┏━━

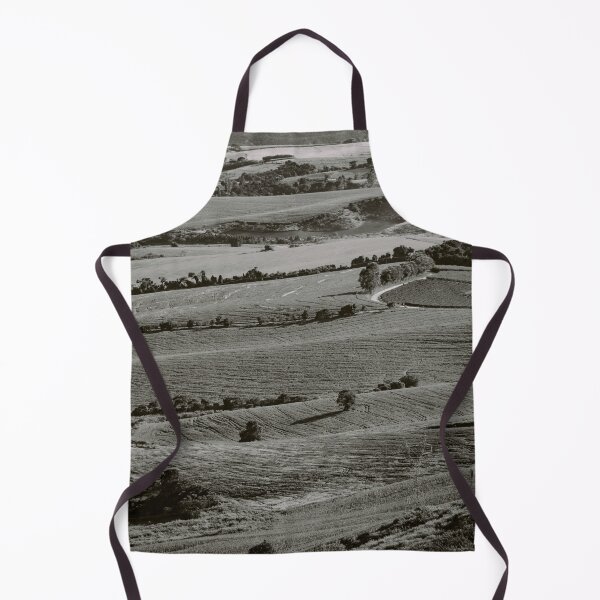 Item preview, Countryside Landscape - Black and White designed and sold by anafrancisconi.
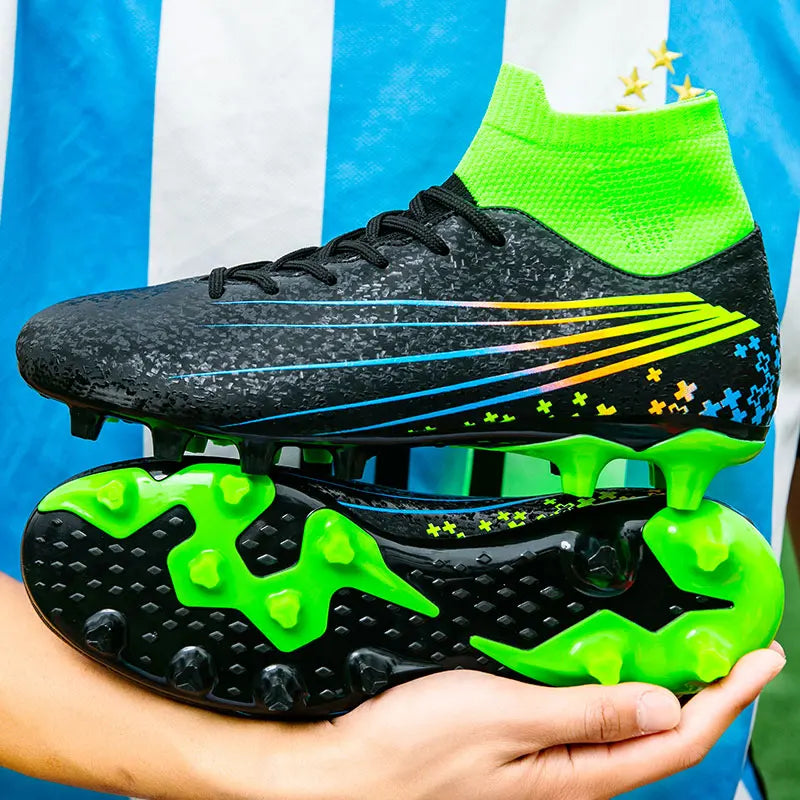 Professional Outdoor Men's and Women's Football Shoes New Low Top Factory Wholesale for Soccer Cleats  Futbol Zapatos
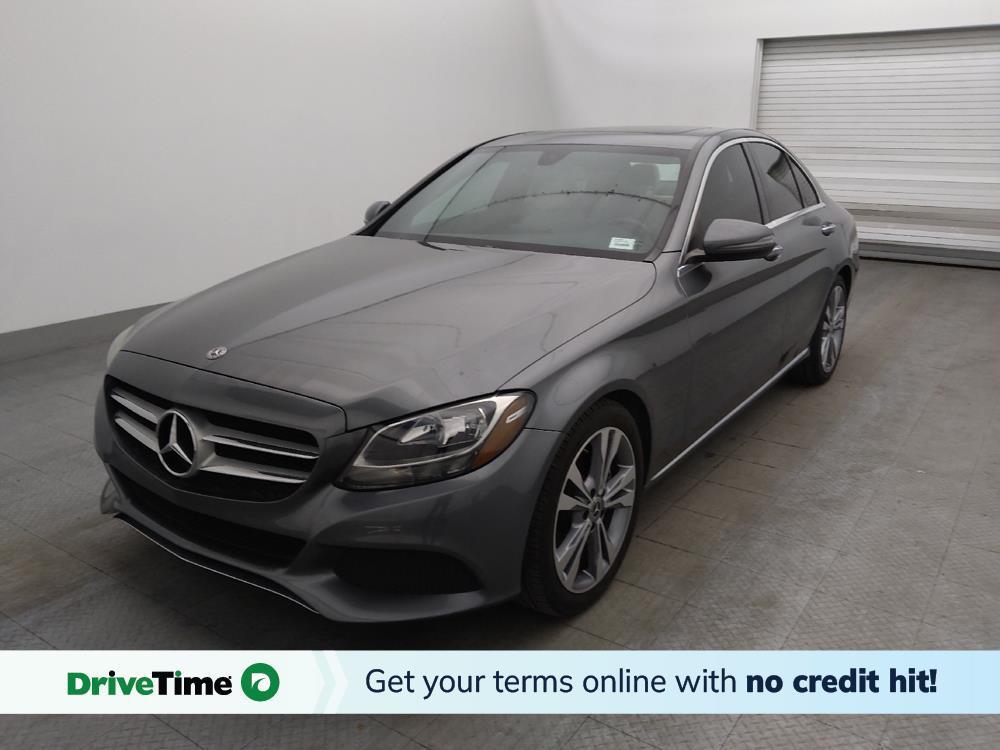 used 2018 Mercedes-Benz C-Class car, priced at $24,195
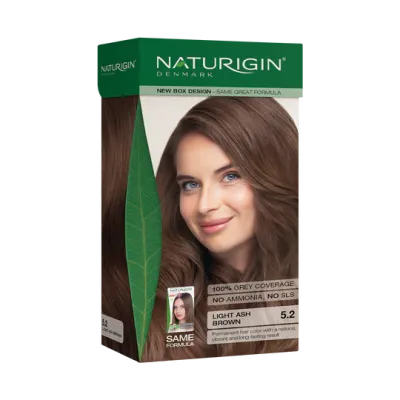 Light Ash Brown 5.2 Permanent Hair Colour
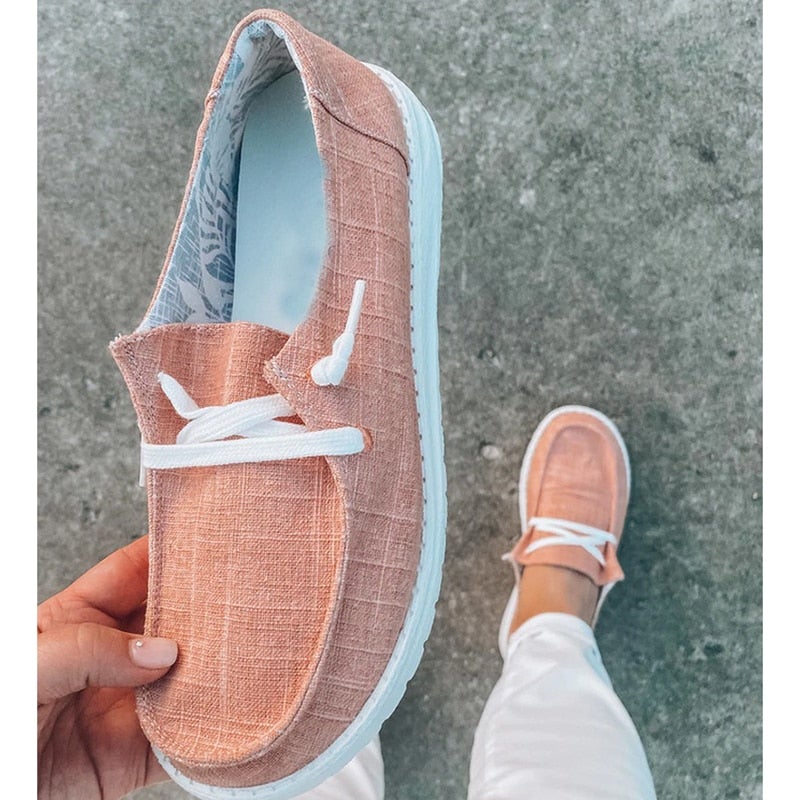 Women's Lace-Up Loafers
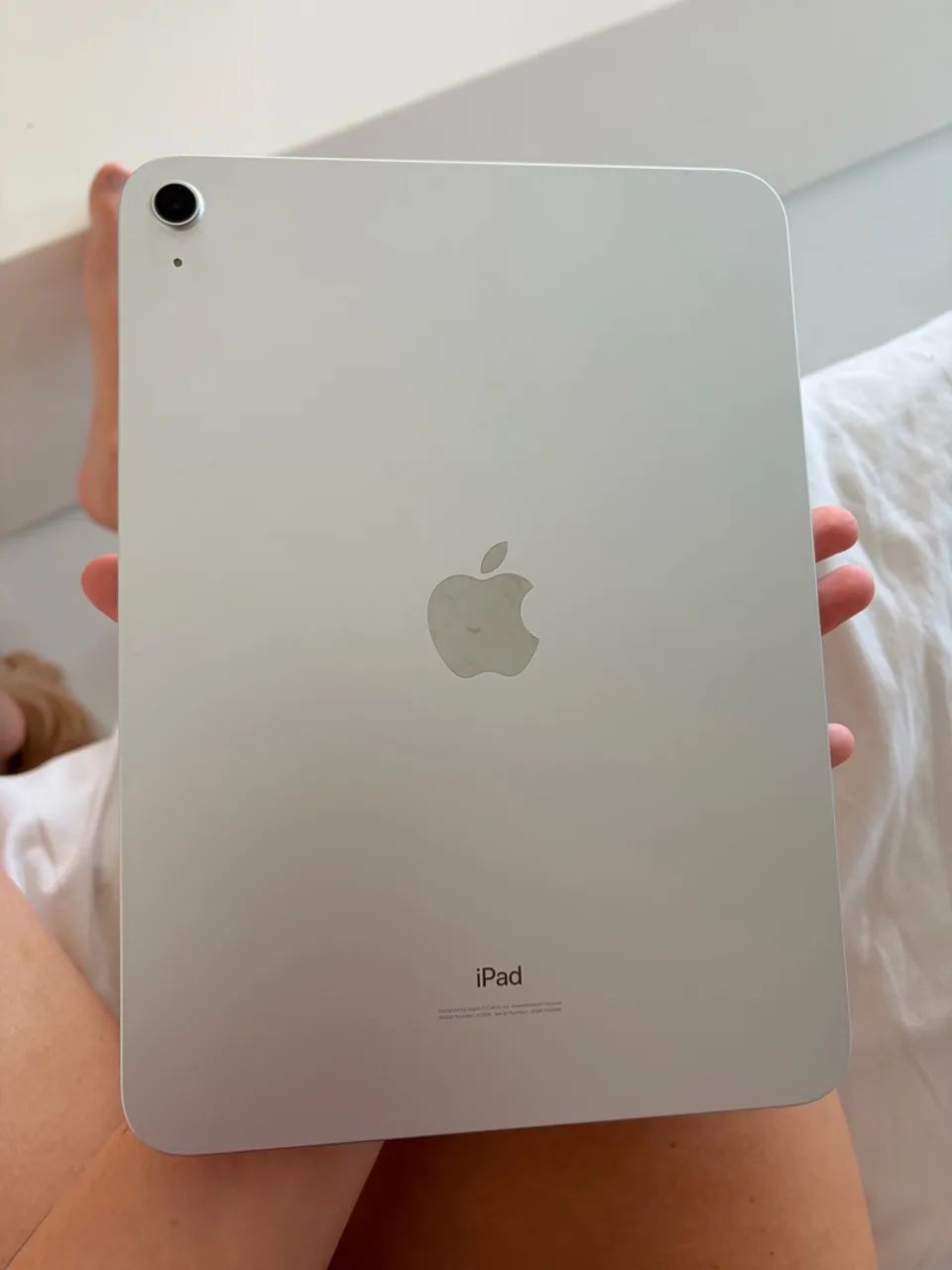 iPad 10ª geração 64gb branco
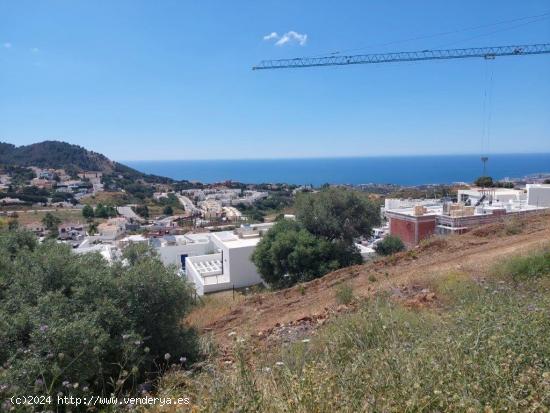 2 parcelas para Villas con VISTAS ESPECTACULARES AL MAR - MALAGA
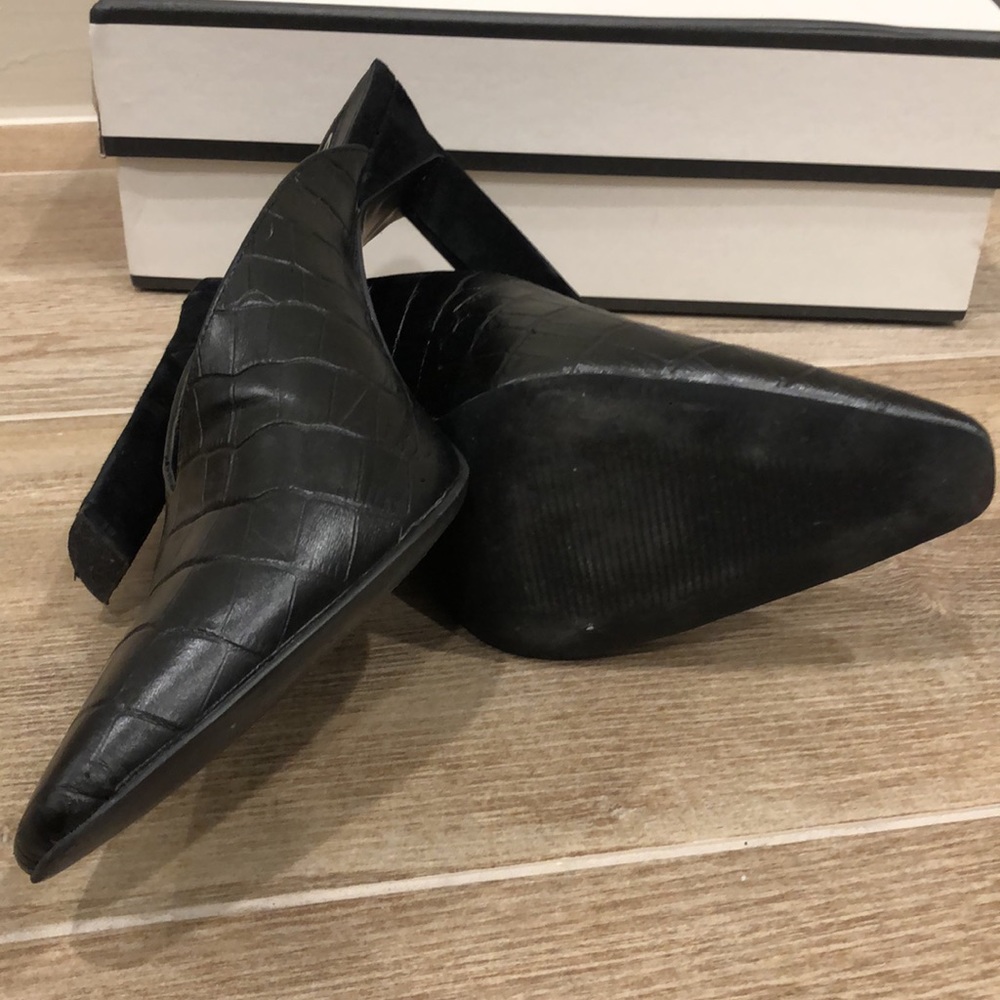 Senso Vika Crocodile-Effect Mules View 6
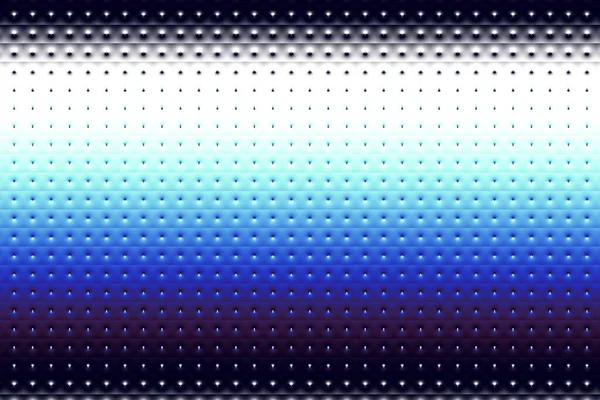 Padrão Geométrico Digital Abstracto Orientação Horizontal — Fotografia de Stock
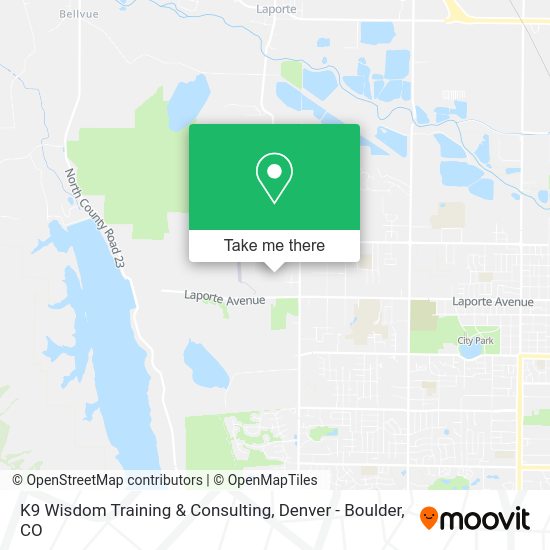 K9 Wisdom Training & Consulting map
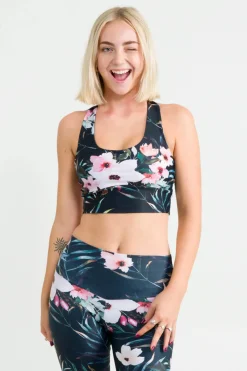 Exotic At Heart Performance - T Back Comfort Crop Top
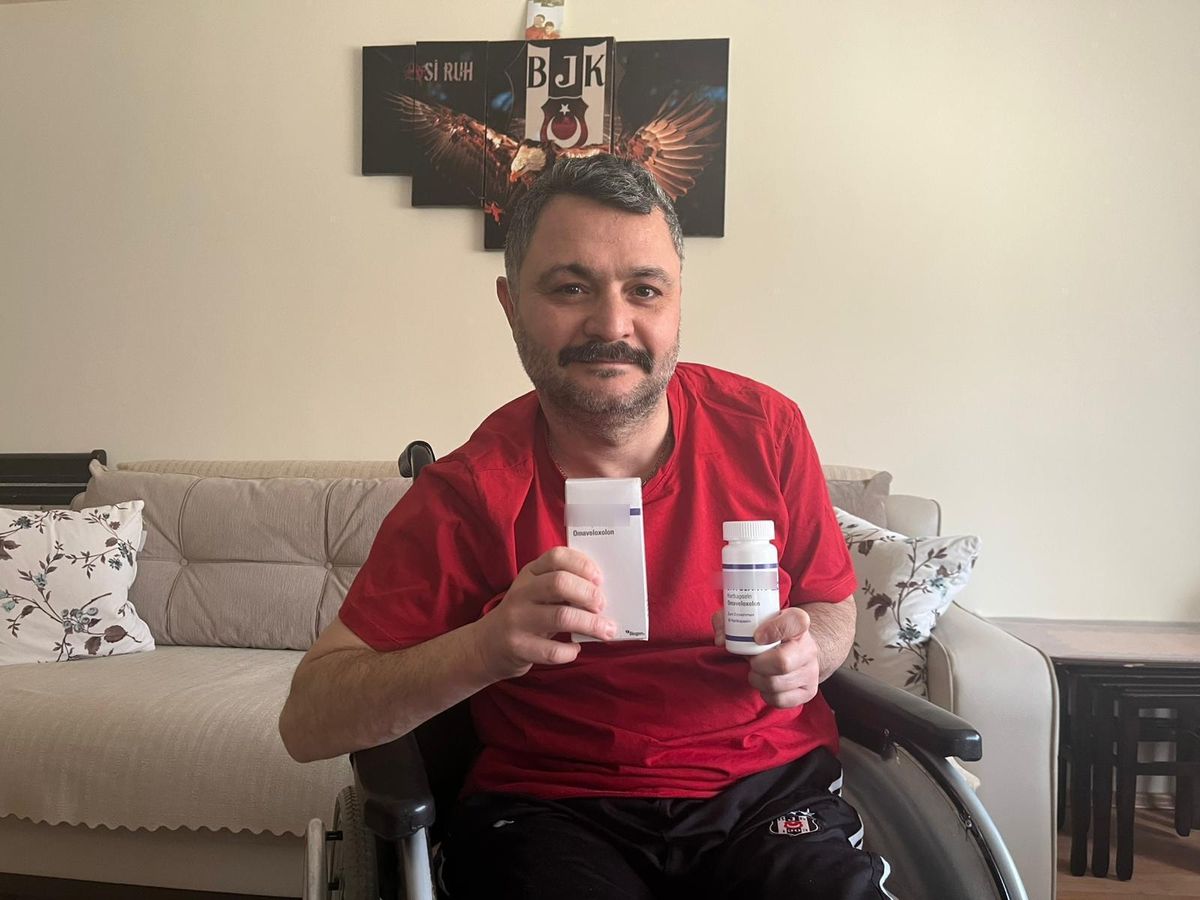 SGK, Friedreich Ataksisi Hastası Serkan Taner'in İlacı İçin Verilen İhtiyati Tedbir Kararını Kaldırdı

┗━━

Omit pictures; set down the rest of the material word for word.

Expected output |
 Item preview, Countryside Landscape - Black and White designed and sold by anafrancisconi.
 Professional Outdoor Men's and Women's Football Shoes New Low Top Factory Wholesale for Soccer Cleats  Futbol Zapatos
 used 2018 Mercedes-Benz C-Class car, priced at $24,195
 Light Ash Brown 5.2 Permanent Hair Colour
 Women's Lace-Up Loafers
 iPad 10ª geração 64gb branco
 2 parcelas para Villas con VISTAS ESPECTACULARES AL MAR - MALAGA
 Senso Vika Crocodile-Effect Mules View 6
 Padrão Geométrico Digital Abstracto Orientação Horizontal — Fotografia de Stock
 K9 Wisdom Training & Consulting map
 Exotic At Heart Performance - T Back Comfort Crop Top
 SGK, Friedreich Ataksisi Hastası Serkan Taner'in İlacı İçin Verilen İhtiyati Tedbir Kararını Kaldırdı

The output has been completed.